COLUMBUS, Ohio (WCMH) — With just less than a week left until the August special election, campaigns for and against Issue 1 are spending millions of dollars on televised advertisements to grab voters’ attention before they cast their ballots.

NBC4 Investigates continues to fact-check those ads.

Ohioans will decide on Aug. 8 whether to make it more difficult for citizens to amend the Constitution. If passed, Issue 1 would require all future citizen-initiated amendments to win at least 60% of the vote to pass instead of the simple majority currently needed.

To get an initiative on the ballot, groups would have to collect signatures from 5% of registered voters in all 88 Ohio counties, an increase from the current 44-county requirement. An existing 10-day curing period for groups who did not gather enough valid signatures would be eliminated.

Protect Our Constitution is the group formed in support of Issue 1. In a commercial that began airing the week of July 23, the group appeals to the nation’s founding.
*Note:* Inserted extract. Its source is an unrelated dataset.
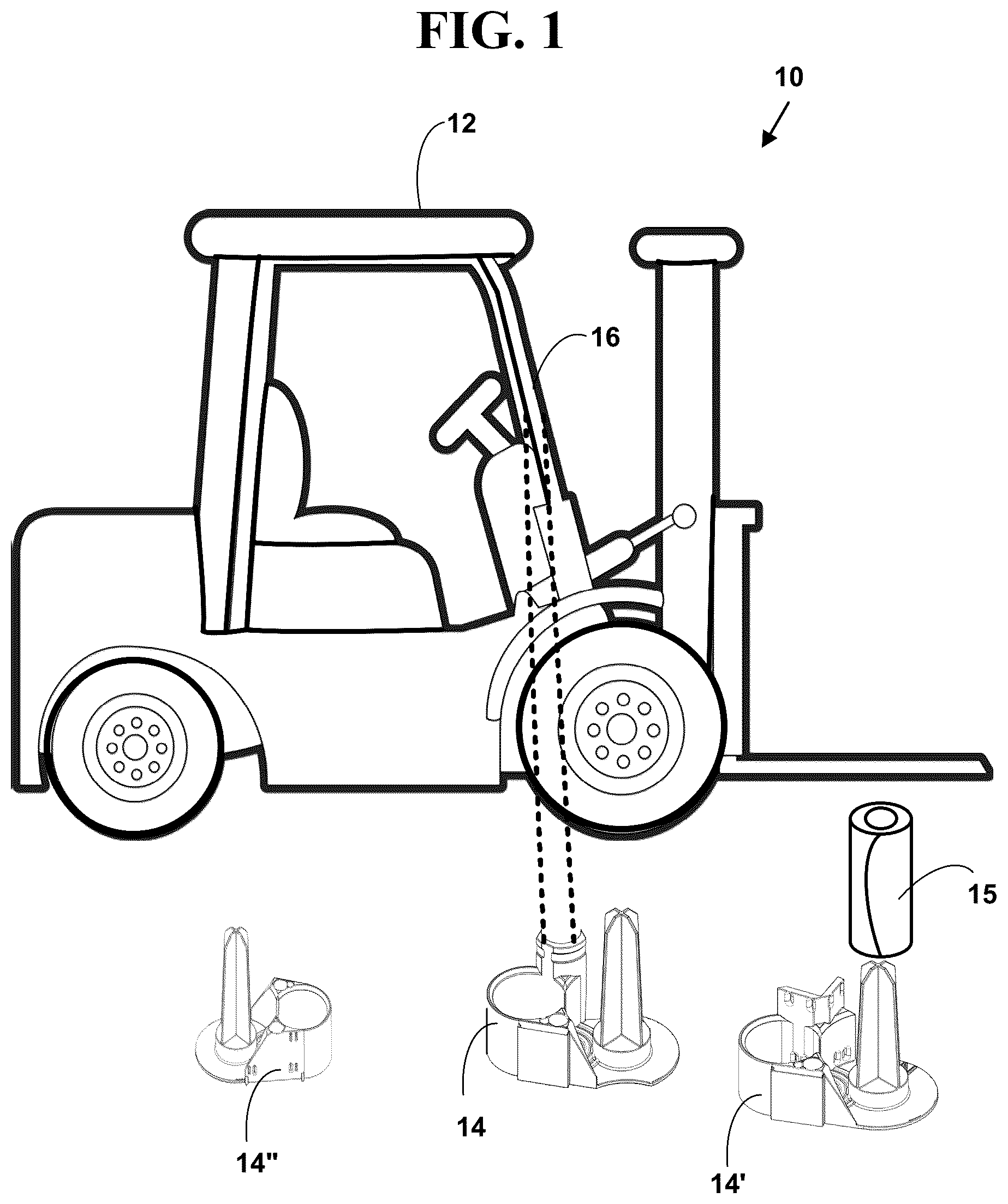 Patent US12448261 Figure 1 – Fork lift tool holder apparatus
“Our founders developed the best governing document in human history: the U.S Constitution,” a narrator says. “They knew to set the minimum threshold for changes at 66%. Our constitution allows special interests to amend it with just a 50% vote.”

Dan Kobil, a professor of constitutional law at Capital University’s law school, said the claim is “premised on a combination of bad civics and bad math.”

A constitutional amendment in Ohio currently requires a simple majority vote from citizens to pass.

Citizens do not vote to amend the U.S. Constitution. Rather, an amendment can be proposed by 66% of both chambers of Congress or by 66% of state legislatures. Then, the proposed amendment must be ratified by 75% of the states — again, in the legislature.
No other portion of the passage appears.